Deposit by age statistically

Deposit by balance statistically

Deposit by campaign statistically

Note:

Looking at the diagrams we can conclude that people who subscribed for term deposit tend to have :

- greater balance and age values

- a fewer number of contacts during this campaign

4-Building flowchart for training our model in build tab

In SmartPredict, creating a machine learning project is no longer a question of coding but of dragging, configuring, and interconnecting modules in a "build space", in other words “building flowchart.” So in this section, we will mainly describe the modules, available in the drop_down list “core module” in the right pane toolbar, used in this project as well as their main functionalities.

Thus in this Bankmarketing project, we consider three main stages for building our flowchart:

  • Cleaning data
  • Data Selecting
  • Training and evaluating model

4.1- Cleaning and preparing data

This step can be done in DataSet Processor app, but here we do it differently by using modules in the drop-down list "Data Preprocessing" which also offers complete tools to process data as shown in the figure below.

Modules in Data Preprocessing

According to the analysis below, we should delete 'pdays' column. The DataFrame loader / converter module in the drop-down list Data Retrieval can performs this task by specifying the column to be deleted as shown in the diagram below.

Deleting 'pdays' column with DataFrame loader / converter module

Then, as stated before, we should replace values greater than 34, in the ‘previous column so we use Dataset Transformer module that we configure as shown in the diagram below.

Replace previous value greater than 34 by mean value with Dataset Transformer module

Explanation of dataset Transformer configuration :

In the Expression field we add the target value so : [‘previous’].mean() because we want to replace values with the average of the previous column when the condition that we enter in the Conditions field, which is [‘previous’]>=34, is satisfied.

In Cibles field we indicate the column in which we want to apply the expression, so we indicate our column previous like this : [‘previous’]

In Default Values field we enter the values when the condition is not satisfied, so we enter [‘previous’] as the values will not change in this case.

Finally, we proceed to the encoding of the categorical columns with the One Hot Encoder module in which we just enter the name of categorical columns.

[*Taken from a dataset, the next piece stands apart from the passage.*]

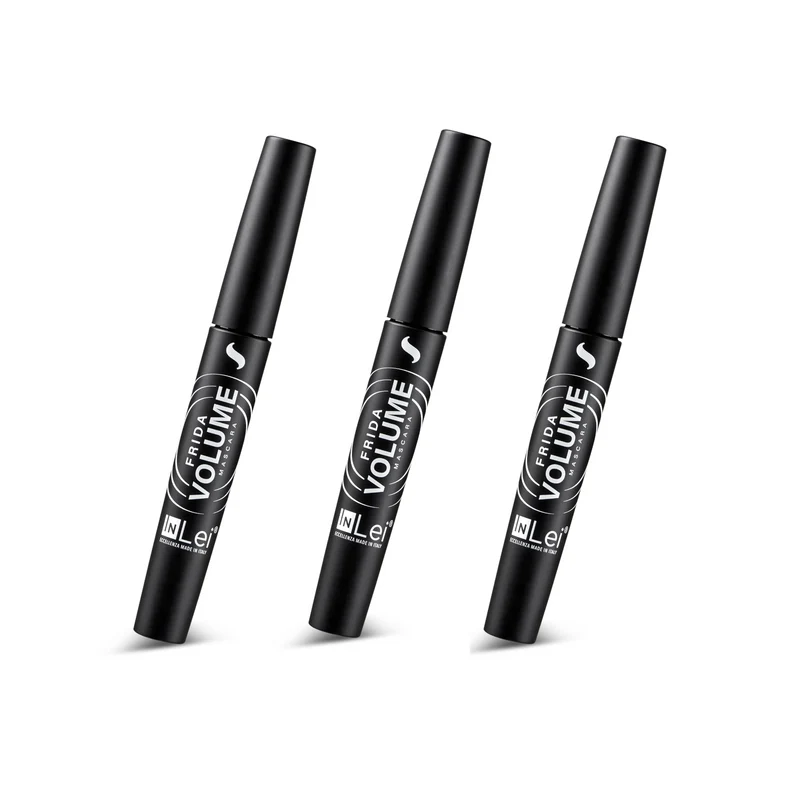 Mascara volumateur pour cils naturels et extensions de cils 8 ml- FRIDA VOLUME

So we use two of these modules: one for encoding the "deposit" data that will be the labeled data, and the other for enoding the other columns.

Encoding 'deposit' column with One Hot Encoder module

Encoding other columns with One Hot Encoder module

4.2- Dataset Selecting

When our data is ready, it’s time to split our data with the Generic Data Splitter module, as such as ‘deposit’ column constitutes the target label and the rest composes our train and test data.

Separate target value from the data with Generic Data Splitter module

Explanation of Generic Data Splitter configuration :

Axis =1 indicates column, and “index, where to split your data = -1”, indicates that ‘deposit’ is the last column.

Finally, Labeled data splitter is the module we use to split our data into train and test data We choose the 0,1 ratio which represents the number of test data among the number of training data.

Splitting test and train data with Labeled data splitter

4.3- Training and evaluating model

During this step again, it is a question of choosing, dragging and configuring modules.

First we choose our Machine Learning Algorithms among the existing ones in the drop_down list Machine Learning Algorithms. For this project we choose XGBoost Classifier and set it up as shown in the diagram below :

Configuration of our machine learning model with XGBoost Classifier module

Then, we configure the Trainer ML module for training the model.

Configuration of Trainer ML module for training the model

Finally, our flowchart close with an Evaluator module the configuration of which consists of choosing the type of metric to use, here we use accuracy metric.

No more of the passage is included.